Alerts Practical By Samson Tanimawo, PhD Published Jan 16, 2026 4 min read

Alert Test-Fire Pattern

Synthetically fire alerts to verify the pipeline.

Why test-fire alerts

Most alerts have never fired in production. The wiring (rule, receiver, escalation, runbook link) is unproven.

A test fire confirms the path end-to-end. From metric to page to acknowledged human, in under 5 minutes.

Without test fires, the first real fire is also the first integration test. Don't run integration tests during outages.

How to test-fire

Inject a synthetic metric that crosses the threshold. For Prometheus, push to a test target that returns the right value for 5 minutes.

Use a labeled test rule: env=test in the matcher. Real receivers route real test fires to a non-prod PagerDuty service.

Verify acknowledgment, escalation, and resolution end-to-end.

How often

At rule creation: mandatory. The rule isn't merged until a test fire confirms the path.

Quarterly: rotate through the rule list, fire 10% per week. Every paging-tier rule sees a test within 90 days.

After any change to receivers, escalation, or PagerDuty service config: re-test the affected rules.

Automation

GitHub Actions or Argo Workflows runs the test injector on schedule.
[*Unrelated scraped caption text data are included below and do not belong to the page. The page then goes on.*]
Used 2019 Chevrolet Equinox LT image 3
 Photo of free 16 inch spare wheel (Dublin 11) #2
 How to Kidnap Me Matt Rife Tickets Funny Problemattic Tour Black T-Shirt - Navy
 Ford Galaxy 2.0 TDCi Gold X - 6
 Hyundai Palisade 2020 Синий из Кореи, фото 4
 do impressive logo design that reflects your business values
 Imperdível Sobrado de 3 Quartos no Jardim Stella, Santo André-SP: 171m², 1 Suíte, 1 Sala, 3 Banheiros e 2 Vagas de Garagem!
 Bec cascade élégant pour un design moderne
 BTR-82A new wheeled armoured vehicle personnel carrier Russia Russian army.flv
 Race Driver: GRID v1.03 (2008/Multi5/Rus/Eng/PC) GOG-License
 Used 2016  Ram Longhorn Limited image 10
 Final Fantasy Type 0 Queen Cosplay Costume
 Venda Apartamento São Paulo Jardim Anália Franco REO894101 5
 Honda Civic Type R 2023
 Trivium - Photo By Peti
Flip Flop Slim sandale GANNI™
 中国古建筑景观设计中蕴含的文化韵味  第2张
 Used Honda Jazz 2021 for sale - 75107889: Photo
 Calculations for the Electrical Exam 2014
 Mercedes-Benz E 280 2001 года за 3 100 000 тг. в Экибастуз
The job fails if the page didn't ack within window.

Datadog's API-driven monitors and synthetic tests cover the SaaS path. Trigger via Terraform.

Maintain a list of last-tested timestamps in the alert catalog. Stale tests are visible to all.

Do it for paging tier

Skip for ticket and email tiers. Cost-benefit isn't there.

Don't test-fire during business hours unless the test channel is clearly labeled. Avoid waking real on-call.

After the first quarter, the test cost amortizes. The first quarter is the expensive one.